A POLICEWOMAN who suffered discrimination and harassment at the hands of fellow officers in North Yorkshire has been awarded £20,000 in damages.
The former firearms officer – identified only as Miss M for security reasons – raised a catalogue of complaints, including being asked by a training inspector if she wanted a pink gun.
During a training session, she was ordered to follow a sniffer dog to a cabinet which contained pornographic magazines. Miss M was also told that women did not have loud enough voices to shout during operations.
At the end of last year, an employment tribunal in London found in favour of the officer in three out of seven claims she made against North Yorkshire Police.
Miss M’s solicitor, Damian Kelly, yesterday confirmed the award of £20,000 in damages to his client, who no longer works as a firearms officer but is still a serving police officer.

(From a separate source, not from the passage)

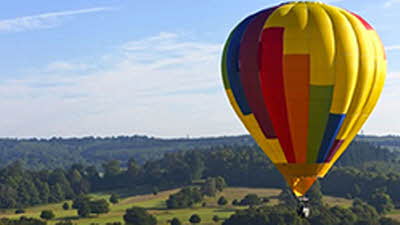 Offer image for: Scenes Above - Rockbeare, Exeter (Ballooning) - 10% discount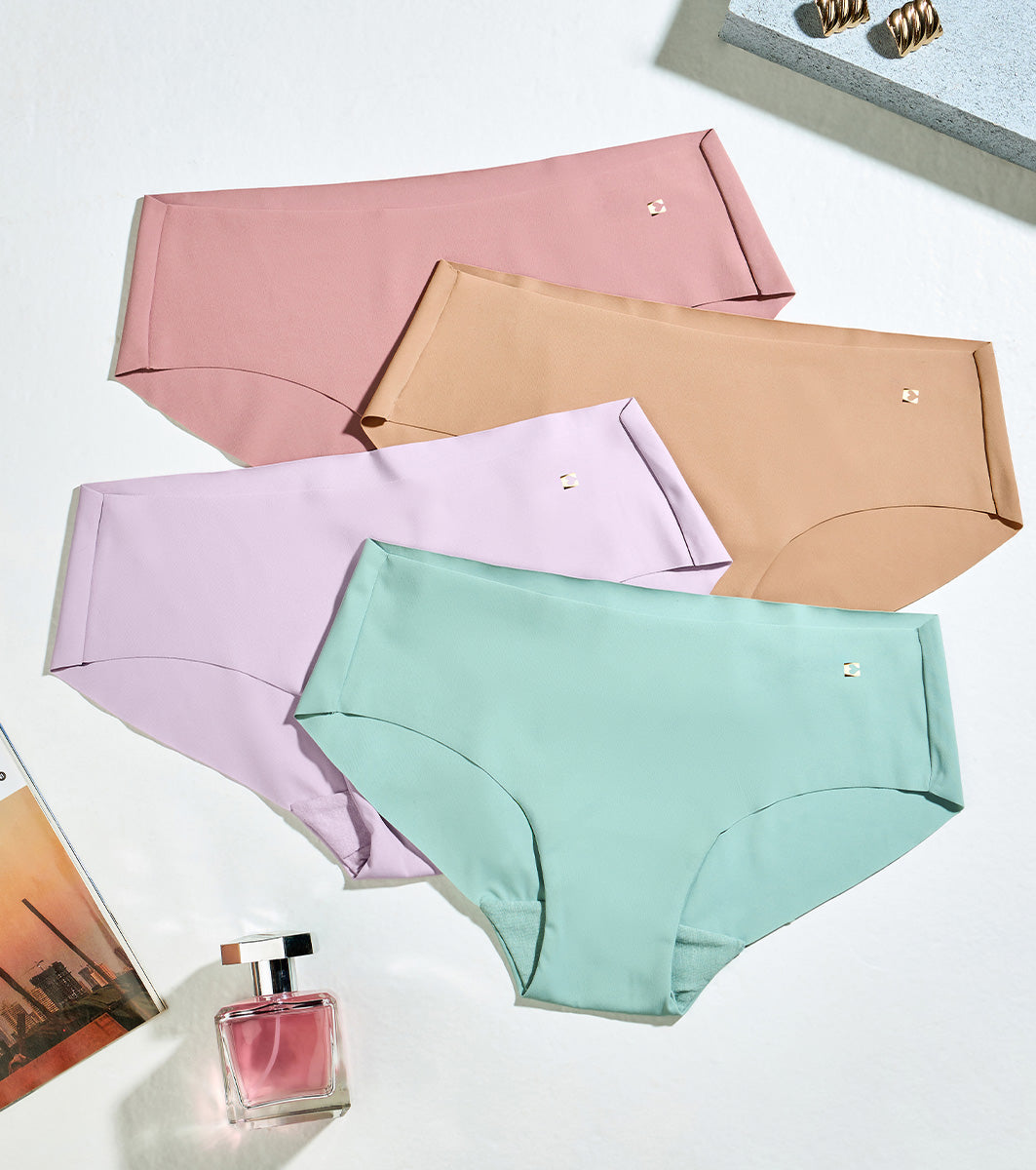Enamor PB40 Innovations Invisi, All Day Comfort, Low Waist Bikini Pant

Last night the North Yorkshire force pledged to learn lessons from the case.
The county’s police and crime commissioner, Julia Mulligan, said: “This was clearly a distressing case for the officer, and it is right she has been awarded damages.
“We must now focus on the lessons we have learned and improve the support for officers who make complaints.
“Speaking generally, I know how difficult it can be for a woman in a male-dominated environment. I want to ensure we have a fair and equal workplace for all.”
A spokesman for North Yorkshire Police said: “In view of the tribunal’s earlier findings, the force accepts that the claimant officer was entitled to an award of damages.
“These have been assessed as being in the middle band of the amounts set out in the law for compensation for injury to feelings in cases of this kind.
“We take on board the tribunal’s additional award for extra distress caused, in the main, by the officer’s original complaints not having been investigated as quickly as they ought to have been.
“The force does not intend to appeal against the tribunal’s awards.
“Lessons learned from the case have been, and will continue to be, carried into effect. For legal reasons – including the national security rules which apply to aspects of the case – we are not in a position to issue any further statement about the issues in this claim.”
The tribunal found North Yorkshire Police had subjected Miss M to harassment in respect of “cultural issues” in the firearms unit, discriminated against and victimised her by failing to deal with her complaints and indirectly discriminated against her by failing to supply body armour.
However, it also decided the force did not discriminate over Miss M wanting to take leave to pursue a sport, a firearms assessment or an order from the chief constable and it concluded she had not been adversely affected by whistleblowing.
Miss M completed her training as an authorised firearms officer in 2006. Between 2006 and 2010 she would periodically attend courses run by the North Yorkshire Police firearms training unit.
The tribunal stated she was subjected to “a hostile environment” as “the trainers were mindful that [Miss M] was something of a novelty, being one of only a very small number of female officers in the firearms unit”.
Its ruling also said: “It is certainly the case that the trainers had little or no diversity and equal opportunities training.”
After December’s verdict, Mr Kelly said: “It is very unfortunate that this case ever came before an employment tribunal.
“There were many opportunities when North Yorkshire Police could and should have sorted the underlying issues. Time, money and a great deal of stress to [Miss M] could have been avoided.”
He went on: “No organisation is without fault but when those faults are reported by a serving police officer they should be taken seriously and not “brushed under the carpet” as the employment tribunal has found.”
Mr Kelly also said: “[Miss M] is a well-liked officer and has colleagues supporting her, but the tribunal’s findings against the force are tinged with sadness as she had wanted to be a firearms officer.”